→ What is required: Once the line with "Fototapeta Watercolor painting" has been located in the records below, set down that line and all subsequent lines exactly, omitting the pictures.

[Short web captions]

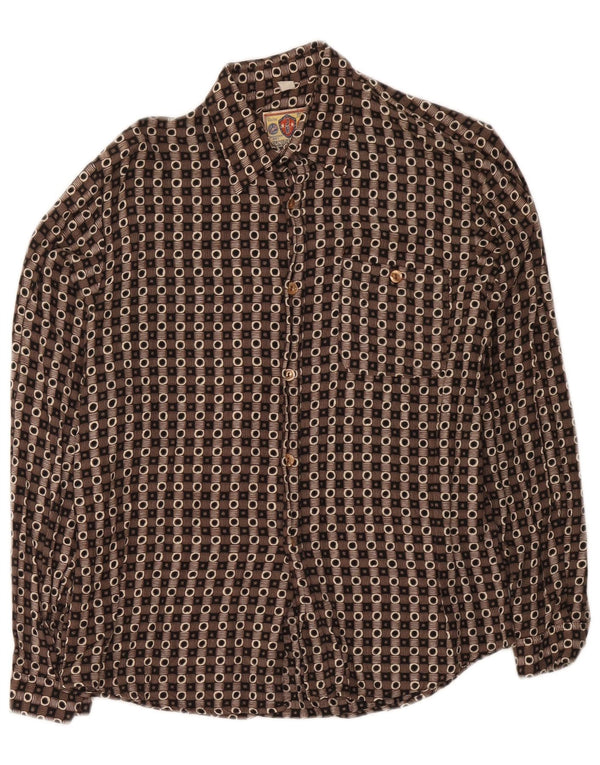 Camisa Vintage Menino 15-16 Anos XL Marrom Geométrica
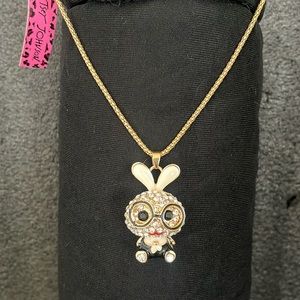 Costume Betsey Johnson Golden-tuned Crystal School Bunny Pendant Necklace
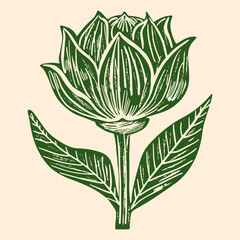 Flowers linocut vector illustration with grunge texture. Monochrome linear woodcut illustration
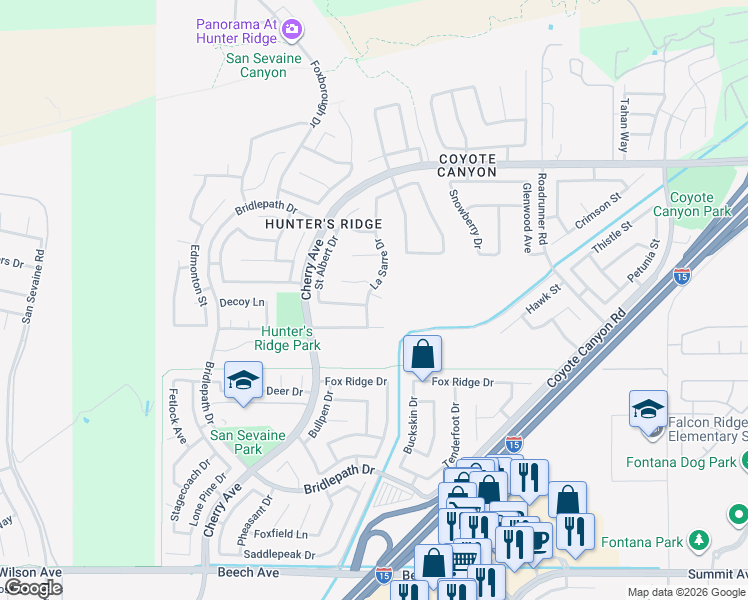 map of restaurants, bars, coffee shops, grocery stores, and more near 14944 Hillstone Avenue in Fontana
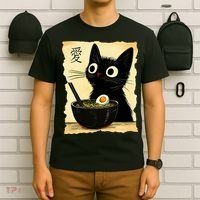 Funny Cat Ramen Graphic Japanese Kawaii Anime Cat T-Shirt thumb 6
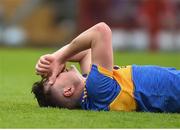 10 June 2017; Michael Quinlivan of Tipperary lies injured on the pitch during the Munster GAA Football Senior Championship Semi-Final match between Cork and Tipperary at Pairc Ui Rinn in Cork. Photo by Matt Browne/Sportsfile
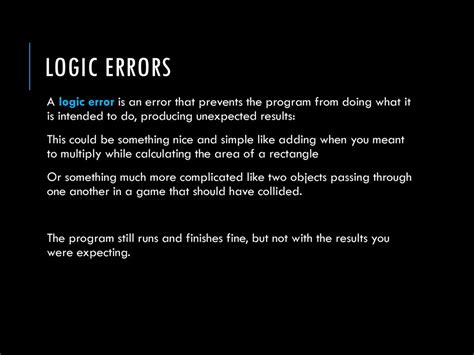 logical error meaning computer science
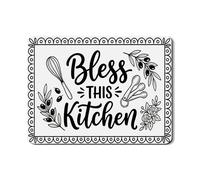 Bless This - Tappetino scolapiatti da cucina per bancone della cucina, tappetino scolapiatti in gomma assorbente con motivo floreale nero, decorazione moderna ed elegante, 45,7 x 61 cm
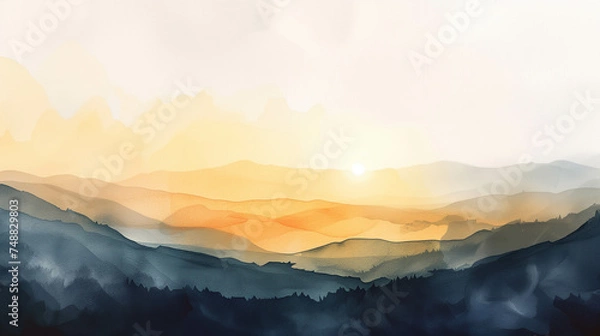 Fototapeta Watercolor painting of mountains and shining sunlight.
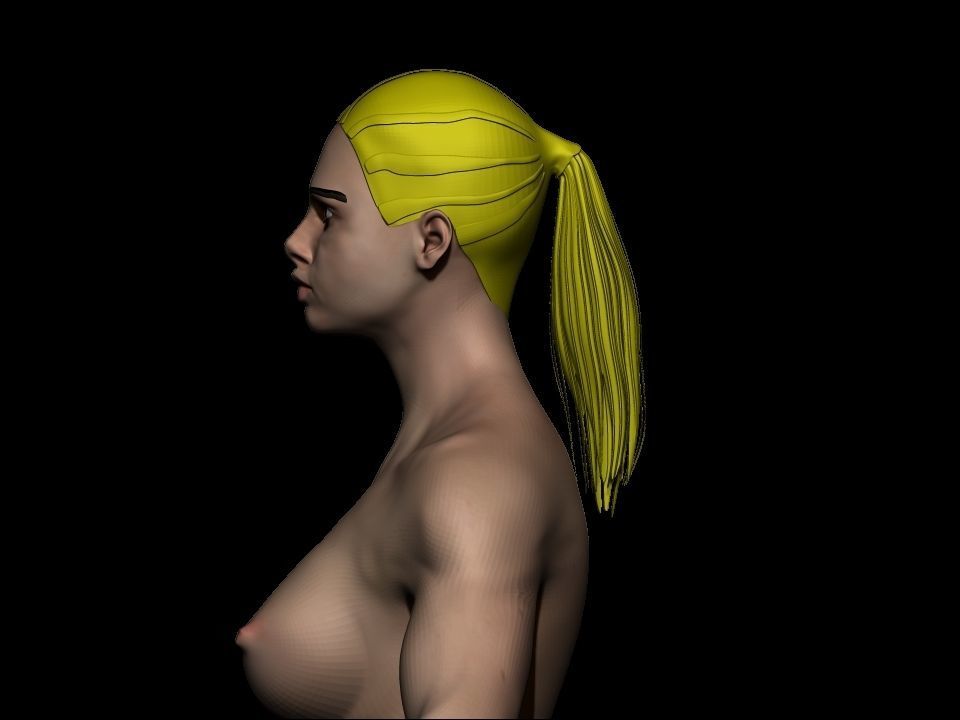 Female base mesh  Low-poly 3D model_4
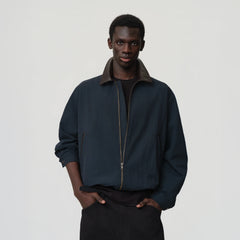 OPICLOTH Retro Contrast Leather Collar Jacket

→ Written solution:
 Fototapeta Watercolor painting of mountains and shining sunlight.
 Female base mesh  Low-poly 3D model_4
 OPICLOTH Retro Contrast Leather Collar Jacket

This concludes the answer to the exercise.